You are an assistant for quertion-answering takss.
here is the context to use to answer the question:
{context}
think carefully about the above context.

Now, review the user question:
{question}

provide an answer to this questions using only the above context.

use three sentences maximum and keep the answer concise

Answer: """

def format_docs(docs):
    return "\n\n".join(doc.page_content for doc in docs)

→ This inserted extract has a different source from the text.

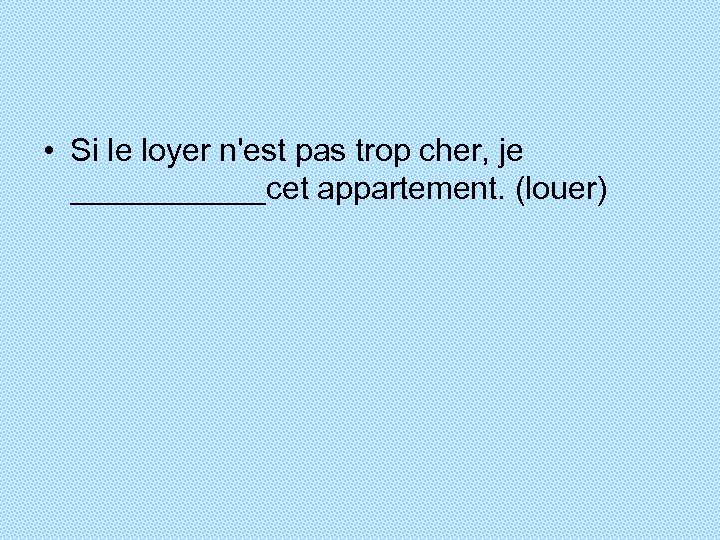  • Si le loyer n'est pas trop cher, je ______cet appartement. (louer)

docs = retriever.invoke(question)
docs_txt = format_docs(docs)
rag_prompt_formatted = rag_prompt.format(context = docs_txt, question = question)
generation = llm.invoke([HumanMessage(content = rag_prompt_formatted)])
print(generation.content)


Chain-of-thought prompting is a technique used in natural language processing (NLP) where a model generates a sequence of reasoning steps, or "thoughts", to arrive at a desired output. This approach involves using external search queries, such as Wikipedia APIs, to retrieve relevant information and then incorporating it into the context. Chain-of-thought prompting can be further extended by exploring multiple reasoning possibilities at each step, generating multiple thoughts per step, and evaluating each state with a classifier or majority vote.